Manjula Padmanabhan | Updated on May 11, 2018 Published on May 11, 2018

“But I don’t believe in movies!” exclaims Bins. “Even Death At A Funeral?” I ask. It’s a 10-year-old film that I've seen before. “Already I hate it,” he says. “Sounds like a gloomy east European morgue-drama.” I tell him it’s English and idiotically funny. “Pah,” he says. “Making fun of people when they’re mourning! Bad taste.”

I decide to override his objections and set my computer up for watching online. The title sequence shows a cartoon coffin traveling along a route map. I begin to chuckle as Bins says, frowning like a thunder cloud, “You’re laughing for NO reason. It’s because you expect a comedy, not because there’s anything funny about a small black box moving along a dotted line!” I tell him to stop being such a grinch.

The movie begins in a well-appointed home. Daniel, the younger son of the man who has died, is struggling with grief just as the hearse arrives from the funeral parlour. The coffin is carried into the front room with due solemnity but — oh no! The undertakers have brought the wrong body! Bins snarls at the screen. “That is terrible. Can you imagine? The sadness of the family? It’s not funny! I don’t understand the humour!”

Meanwhile, the guests are on their way. Martha, a nervy young woman, is bringing her fiancé, Simon to meet her father for the first time. But instead of taking a Valium to calm his nerves, Simon swallows a hallucinogen by mistake. They arrive at the funeral, he staggers out of the car and immediately jams his head into the nearest hedge. I am cackling like a hyena by now. Bins gets angrier. “See? They are making fun of addicts and drug overdoses! It is cruel! Ridiculous! We should stop watching at once!”

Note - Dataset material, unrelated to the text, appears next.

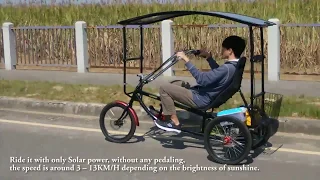 Solar E-Bike (Trike)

Of course, we do not. Alan Tudyk, the American actor who plays Simon, contorts his face into such a range of expressions, it’s like watching a circus made up of a nose, a mouth and two bulging blue eyes. By the time he locks himself into a bathroom and starts talking to the toilet paper, I am rolling on the floor. Bins scowls at the screen. “This is why the world is in such a mess,” he intones, gravely. “Personal tragedies become comedy targets. You have no kindness, no sympathy ...”

Peter Dinklage, the star of Game of Thrones turns up as — oops! Spoiler alert! — the secret gay lover of the dead man. He has a sheaf of pornographic photographs to use as blackmail. While Simon disrobes and prances naked on the roof, Daniel and others struggle madly to suppress the rogue gay lover. Meanwhile, potty-mouthed invalid Uncle Alfie befouls himself and other guests en route to the toilet.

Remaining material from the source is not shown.